The demand for scalable, high-performance computing has increased as the size of datasets has grown in recent years. However, the breakdown of Dennard's scaling has led to energy efficiency becoming an important concern in datacenters, and spawned exploration into using power-efficient processors such as GPUs (Graphic Processing Units) and FPGAs (Field-Programmable Gate Arrays) as accelerators in datacenters. In particular, the FPGA's low power consumption and the re-programmability allow datacenters to use FPGAs as highly energy-efficient accelerators for a variety of application. On the other hand, FPGA has poor programmability compared to instructions-based architectures like CPU and GPU. To facilitate the process of implementing and deploying FPGA accelerators, High-Level Synthesis (HLS) that generates functional-equivalent RTL from C-based programming languages attracts more and more attention since past decades. Nowadays, both FPGA vendors have their commercial HLS products -- Xilinx SDx and Intel FPGA SDK for OpenCL. However, modern HLS is still not friendly for software designers who have limited FPGA domain knowledge. Since the hardware architecture inferred from a syntactic C implementation could be ambiguous, current commercial HLS tools usually generate architecture structures according to specific HLS C code patterns. As a result, even though the authors have illustrated that the HLS tool is capable of generating FPGA designs with competitive performance as the one in RTL, designers must manually reconstruct the HLS C kernel with specific code patterns to achieve high performance. This problem becomes one of the main impediments to consolidating the FPGA community on cooperation and developments.

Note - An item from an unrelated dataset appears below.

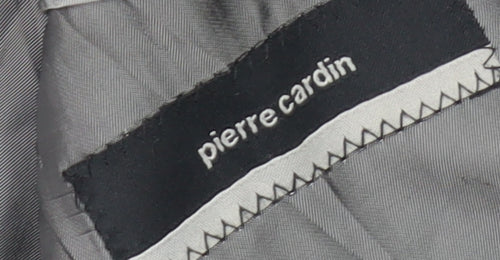 Pierre Cardin Men's Black Wool Cashmere Overcoat M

In this dissertation, we first present an automated framework that frees human efforts from code reconstruction and design space exploration (DSE). The framework creates a more comprehensive micro-architecture design space from user-written C-based kernel with the Merlin compiler, so the design point should cover the design point with better performance when compared to the HLS-pragma-based design space. To efficiently identify the best design configuration in the tremendous design space, we first propose efficient design space pruning processes that reduce the design space by 24.65x. Accordingly, we develop and evaluate several approaches, including multi-armed bandit hyper heuristic approach, gradient-based approach, and design bottleneck optimization approach. The evaluation result shows that our DSE framework is able to identify the design point that achieves on average (using geometric mean) 93.78% QoR compared to the corresponding manual design.

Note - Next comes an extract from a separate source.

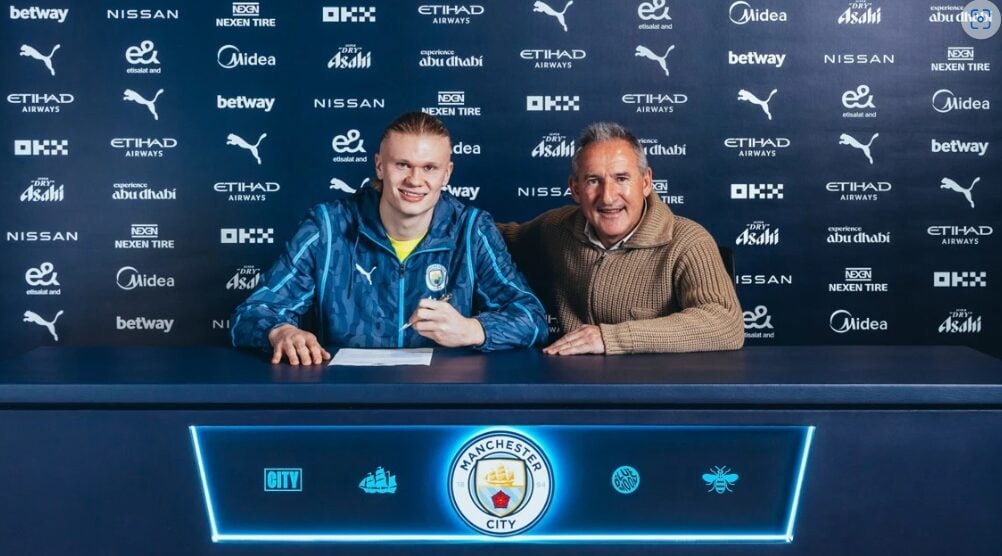 Manchester City har forlænget kontrakten med den norske superstjerne Erling Haaland. Han får en historisk kontrakt med klubben.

Based on the proposed DSE framework, we further support automated design optimization for high level domain specific languages (DSLs). Since DSLs might not explicitly provide interfaces for users to specify design configurations, automatic DSE becomes even more important when supporting DSLs for FPGAs. Specifically, we adopt Merlin C, an OpenMP-like C-based programming model, as the intermediate representation (IR) and implement DSL-to-Merlin front-end compilers while preserving the semantic and domain-specific information such as parallel patterns, systolic patterns, and scheduling functions. We first implement Spark-to-Merlin front-end compiler that translates Spark applications in Scala to Merlin C for FPGA acceleration. By leveraging parallel patterns as scheduling hints, the generated accelerators are able to achieve 50x speedup on geometric mean for a set of machine learning kernels. In addition, we also demonstrate that our DSE framework can be even more practical for the DSLs with plenty scheduling functions. Specifically, we implement HeteroCL-to-Merlin front-end that takes HeteroCL programming model embedded in Python. Our DSE framework is capable of exploring a subset of HeteroCL scheduling primitives and let users focus on the platform independent loop transformations. With the help from the DSE framework, we achieve 27.62x speedup on geometric mean over a CPU core for a variety of compute-intensive kernels (chapter 3).

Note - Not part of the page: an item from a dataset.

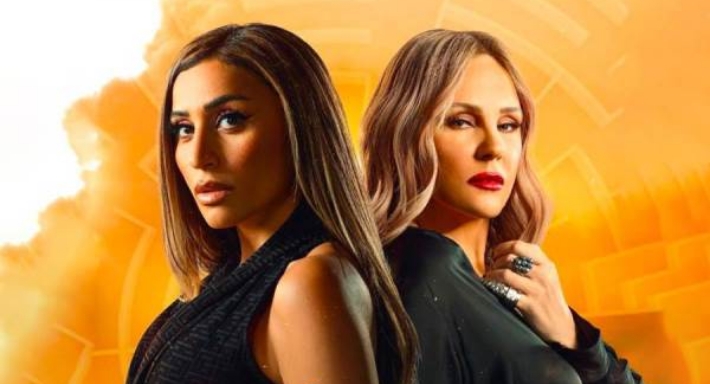 شيرين رضا ودينا الشربيني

On the other hand, a main challenge of performing design space exploration for a design with arbitrary functionality is the lack of the assumption to underlying micro-architectures. As we will illustrate in the dissertation, the cost of evaluating the quality of a design point is extremely expensive (15-60 minutes) so only a limited number of design points can be explored. In addition, due to the uncertainty of vendor tool behaviors, the development of performance and resource modeling is also unrealistic. As a result, we propose composable, parallel and pipeline (CPP) architecture template to limit the design space to a certain region that is more practical and has less exceptions (chapter 4). With the CPP architecture, we are able to derive an incremental analytical model, which only requires a few HLS run to be initialized, to facilitate the DSE process.
In the last part of this dissertation, we use convolutional neural network (CNN) to demonstrate that the HLS runtime cost can be totally saved with the use of a more domain specific architecture (chapter 5). Specifically, we leverage a systolic array architecture template for CNN accelerator generation. By mapping a CNN model to the pre-defined systolic array template, we can guarantee the model accuracy and DSE efficiency. The experimental result shows that our analytical model for the architecture template achieves 96% accuracy, and the mapped CNN model achieves up to 1.2 Tops throughput on Intel Arria 10 FPGA.